Parallelism and the Limits of Languages

While we make heavy use of the core of Clojure, we don't use its concurrency primitives (atoms, refs, STM, etc.) because a function like pmap doesn't have enough fine grained control for our needs. We opt instead to build our own concurrency abstractions in Clojure on top of the outstanding java.util.concurrent package.

 Once upon a time, in the days when RAM was not quite as cheap as it is now, I worked on a team that had a giant in-memory cache of data that it used to do various financial calculations. This data had, with the growth of the financial markets it represented, grown to be too big to fit into the memory of a standard server without having GC absolutely wreck the process. Having exhausted all minor efforts to tune the data, and not wanting to buy an actual supercomputer, the team turned to Azul, who at that time sold boxes with enough memory to fit our process and a fairly nifty no-pause GC. Great! Except there was one catch: instead of having the super fast CPUs we were used to, it had hundreds of tiny little slow cores (with rather crappy fpus). And on these hundreds of tiny little cpus our code was very, very slow. So we set out to parallelize.

When you're forced into parallelism at that level of detail, you quickly realize how difficult it is to have a generic way of doing it. The fact that languages like scala and clojure will allow you to just say "apply this logic over the collection in parallel" is very cool, and a great way for developers to dip their toes in parallel processing of their collection data. But it breaks down quickly when you are talking about vastly different types of data running in vastly different types of computation. If you need to eke out every ounce of performance, you want every computation to be tuned to the right batch size and the right number of threads, and the size of the thread pool for task X may depend on whether it tends to run at the same time as task Y or task Z. Don't forget that task Z, if requested, must be prioritized above all else.

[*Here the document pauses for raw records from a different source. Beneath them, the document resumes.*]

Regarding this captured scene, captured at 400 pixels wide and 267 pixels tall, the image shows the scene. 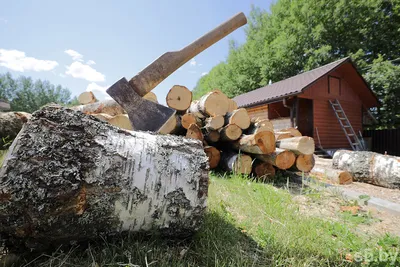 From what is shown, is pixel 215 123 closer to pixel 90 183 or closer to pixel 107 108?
pixel 107 108

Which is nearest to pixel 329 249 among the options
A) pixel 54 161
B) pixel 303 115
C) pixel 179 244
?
pixel 179 244

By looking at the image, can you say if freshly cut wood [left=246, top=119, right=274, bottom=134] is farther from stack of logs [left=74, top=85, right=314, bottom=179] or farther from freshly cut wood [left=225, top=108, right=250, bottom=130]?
freshly cut wood [left=225, top=108, right=250, bottom=130]

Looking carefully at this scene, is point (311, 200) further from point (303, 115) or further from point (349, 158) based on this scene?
point (303, 115)

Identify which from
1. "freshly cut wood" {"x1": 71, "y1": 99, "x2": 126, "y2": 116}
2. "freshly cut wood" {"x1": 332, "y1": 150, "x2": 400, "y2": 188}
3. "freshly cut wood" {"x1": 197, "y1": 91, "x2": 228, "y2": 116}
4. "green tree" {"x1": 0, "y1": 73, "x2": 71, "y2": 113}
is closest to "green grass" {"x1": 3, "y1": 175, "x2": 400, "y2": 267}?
"freshly cut wood" {"x1": 197, "y1": 91, "x2": 228, "y2": 116}

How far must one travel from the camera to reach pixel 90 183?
980 mm

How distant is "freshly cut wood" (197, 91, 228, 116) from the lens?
345 cm

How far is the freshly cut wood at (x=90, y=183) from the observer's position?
35.4 inches

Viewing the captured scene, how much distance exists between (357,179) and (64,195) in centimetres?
516

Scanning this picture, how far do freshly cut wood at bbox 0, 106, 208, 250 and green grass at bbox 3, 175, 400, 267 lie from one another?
0.29 feet

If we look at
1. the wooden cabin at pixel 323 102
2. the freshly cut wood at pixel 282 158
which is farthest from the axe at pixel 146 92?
the wooden cabin at pixel 323 102

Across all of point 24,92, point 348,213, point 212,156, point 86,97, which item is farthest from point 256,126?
point 24,92

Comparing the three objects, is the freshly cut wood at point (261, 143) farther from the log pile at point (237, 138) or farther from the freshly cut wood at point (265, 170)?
Result: the freshly cut wood at point (265, 170)

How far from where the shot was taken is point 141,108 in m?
1.82

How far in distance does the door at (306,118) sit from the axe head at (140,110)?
859 centimetres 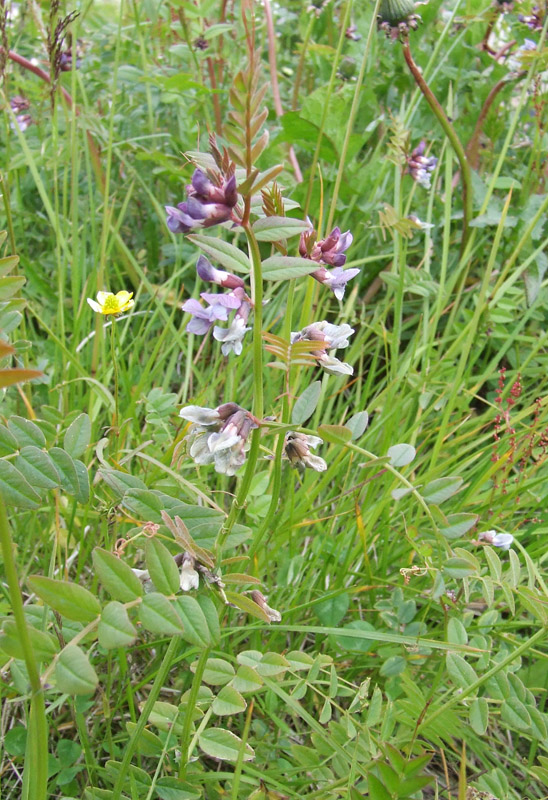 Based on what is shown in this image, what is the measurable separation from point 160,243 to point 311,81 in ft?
3.01

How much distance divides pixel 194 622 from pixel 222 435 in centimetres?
19

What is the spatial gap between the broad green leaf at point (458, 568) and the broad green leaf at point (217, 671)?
0.98 ft

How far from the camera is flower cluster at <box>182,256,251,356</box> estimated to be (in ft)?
2.42

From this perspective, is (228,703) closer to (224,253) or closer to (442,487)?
(442,487)

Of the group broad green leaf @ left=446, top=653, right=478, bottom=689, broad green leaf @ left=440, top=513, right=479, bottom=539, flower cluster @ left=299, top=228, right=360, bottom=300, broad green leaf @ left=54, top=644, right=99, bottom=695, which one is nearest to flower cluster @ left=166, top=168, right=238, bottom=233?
flower cluster @ left=299, top=228, right=360, bottom=300

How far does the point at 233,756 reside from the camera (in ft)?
2.75

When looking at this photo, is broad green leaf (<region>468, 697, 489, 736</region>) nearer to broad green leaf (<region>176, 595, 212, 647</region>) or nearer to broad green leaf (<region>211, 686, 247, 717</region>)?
broad green leaf (<region>211, 686, 247, 717</region>)

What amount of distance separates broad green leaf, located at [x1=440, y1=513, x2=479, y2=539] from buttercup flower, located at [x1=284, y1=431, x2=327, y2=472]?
0.21 meters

The size of the batches themselves may depend on the type of object inside them, and how that affects the cache lines of the processor you're running on. Oh, and of course, you're not just tuning this for prod, it has to at least run to completion on your integration boxes and they are of course slightly different processors. And don't forget, your developers aren't writing code on Azul boxes, they're writing code on desktops with 2 cores each; threading even the test data to a pool of 50 doesn't make any sense, but they still need to run things in parallel or they'll never see the stupid threading bugs they added when they forgot to use concurrent data structures.

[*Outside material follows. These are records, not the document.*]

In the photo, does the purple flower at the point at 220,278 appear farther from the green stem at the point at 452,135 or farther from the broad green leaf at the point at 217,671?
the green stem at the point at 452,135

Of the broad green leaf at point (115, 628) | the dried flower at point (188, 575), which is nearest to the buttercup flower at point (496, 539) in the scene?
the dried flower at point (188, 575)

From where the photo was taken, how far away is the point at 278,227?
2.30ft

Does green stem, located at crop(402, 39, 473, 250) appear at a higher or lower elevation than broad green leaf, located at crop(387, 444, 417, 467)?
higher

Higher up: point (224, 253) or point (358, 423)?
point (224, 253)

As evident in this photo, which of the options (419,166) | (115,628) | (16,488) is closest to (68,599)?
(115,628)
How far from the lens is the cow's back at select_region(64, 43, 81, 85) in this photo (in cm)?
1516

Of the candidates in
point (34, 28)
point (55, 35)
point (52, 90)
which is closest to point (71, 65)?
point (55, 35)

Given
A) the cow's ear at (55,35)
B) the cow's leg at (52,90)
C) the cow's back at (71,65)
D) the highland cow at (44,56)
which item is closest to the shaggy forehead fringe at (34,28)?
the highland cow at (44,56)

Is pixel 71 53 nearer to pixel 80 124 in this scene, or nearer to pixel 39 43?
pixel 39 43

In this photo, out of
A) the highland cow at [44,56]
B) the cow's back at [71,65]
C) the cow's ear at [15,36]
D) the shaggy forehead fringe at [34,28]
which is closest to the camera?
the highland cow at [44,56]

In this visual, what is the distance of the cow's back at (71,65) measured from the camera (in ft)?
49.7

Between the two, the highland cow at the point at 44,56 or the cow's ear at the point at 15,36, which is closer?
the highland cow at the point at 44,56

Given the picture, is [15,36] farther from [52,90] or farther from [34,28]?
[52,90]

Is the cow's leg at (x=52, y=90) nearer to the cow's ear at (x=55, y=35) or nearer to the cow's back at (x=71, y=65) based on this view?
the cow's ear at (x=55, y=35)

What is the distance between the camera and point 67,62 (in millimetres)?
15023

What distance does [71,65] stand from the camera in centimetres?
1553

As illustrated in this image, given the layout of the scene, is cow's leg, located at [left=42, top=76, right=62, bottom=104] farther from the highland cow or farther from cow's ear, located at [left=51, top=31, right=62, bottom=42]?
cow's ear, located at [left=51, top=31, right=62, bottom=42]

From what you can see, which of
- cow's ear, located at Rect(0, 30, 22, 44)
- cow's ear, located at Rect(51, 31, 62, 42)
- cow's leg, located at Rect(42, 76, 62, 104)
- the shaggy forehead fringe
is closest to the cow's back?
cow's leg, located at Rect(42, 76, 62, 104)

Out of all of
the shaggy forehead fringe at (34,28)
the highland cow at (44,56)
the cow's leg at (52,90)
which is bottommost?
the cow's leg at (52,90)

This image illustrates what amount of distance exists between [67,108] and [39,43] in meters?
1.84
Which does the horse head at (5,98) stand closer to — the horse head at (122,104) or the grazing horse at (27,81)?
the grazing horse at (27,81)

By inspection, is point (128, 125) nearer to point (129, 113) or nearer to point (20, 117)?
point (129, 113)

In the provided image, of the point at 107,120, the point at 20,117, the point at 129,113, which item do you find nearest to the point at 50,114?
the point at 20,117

I've always thought that the next truly big leap in VMs and languages will be those that can do smart things with threading without making developers sweat too much. If we're really entering a world of more and more data over more but slower cores, we need a language and a VM that revolutionize our management of threads the way Java and the JVM have revolutionized our notion of memory management. The functional languages out there help, but you can't forget the underlying VM magic that will really make this possible. Look to the example of memory management: it's not Java itself that enables you to write code without worrying about deleting references only when they are truly not being used, but rather the VM that watches all objects and knows how to find the live ones and delete those that are no longer referenced, all without the developer needing to indicate a thing. For us to conquer the thread problem, we need a VM to observe the behavior of the system beyond just the number of cores and help us to appropriately occupy CPUs over collections of varying size and composition. Languages can force developers to think about applying logic over their data (and thus help with parallelism as a mindset), but they will never solve the problem of automated parallelism without the VM to tune it in the background.

There will always be people that need to tune their code down to exactly what instructions run on what core, just as there are still people that need to do their own memory management, but it shouldn't be a requirement for getting good mileage out of those cores. I can't wait for the day when calling submit feels as archaic as calling malloc.